Friday, March 6, 2009

Yet Another Culver City Post

It's not that I enjoy breaking down posts in several sections, it's just that the stupid template I use cannot support more than 5 pictures/post.
Anyway, at Kim Light, Marianne Mueller (above) has seen way too many Wolfgang Tillmans, methinks.



Still at Kim Light, Penelope Gottlieb worked on a drawing installation "No $ Down" referencing the California real estate bubble. It's the kind of work I find to be "almost there". The drawings themselves are not really standalone ones, despite being sold as such, and it's a pity because this show works well as an installation and not as a series of separate works. The idea in itself is interesting (typical housing units represented, broken down by drawings of homeless shopping carts) and right on target, or timely.
But the cutesy colored frames (they all seem to be coming out of Aaron Bros. and hand-painted by the artist) matching the drawing colors should be made to go, they totally ruin the overall effect. This being said, I think Gottlieb is an interesting artist (I love that on her bio she lists her work as belonging to "numerous corporate collections including the Fannie Mae Corporation), but needs a bit more, I don't know, rigor.

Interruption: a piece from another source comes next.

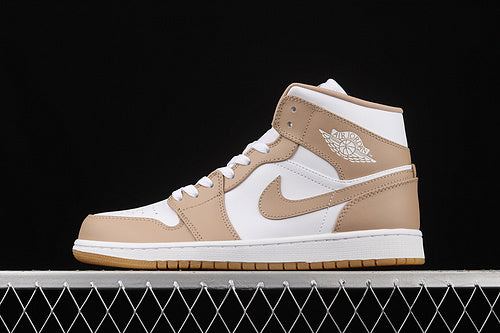 AJ1 High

The last "almost there" artist I saw was James Everett in the project room at Roberts & Tilton, but as I said my camera battery died before I could take a pic.
It's called "Opium Feast" and the steel and wax sculpture is much more interesting than, say, anything Sterling Ruby has ever produced (can't understand the hype, Ruby's work is mega-derivative, maybe it's the macho sculptural component that titillates collectors?). Unfortunately this sculpture is paired with 3 panels (including one called "Climax" that incorporates "ejaculation from a movie star" in its material, hey the 1990s are soooo last Century!) of meaningless words and sentences that want to show their meaningful value by being engraved in Roman-type lettering.
But it's drywall, maybe as some kind of apt-metaphor about the entertainment industry or something (I'm too lazy to think about it, frankly). Drywall isn't really suitable for engraving, and the result looks too sloppy, especially compared to the wax sculpture.
Which, BTW, looks like a nightmare to ship and to conserve, so hurry to see it before it disintegrates!
Becca Mann's drawings, in the same room, were totally unremarkable. Not bad, but nothing to write home about.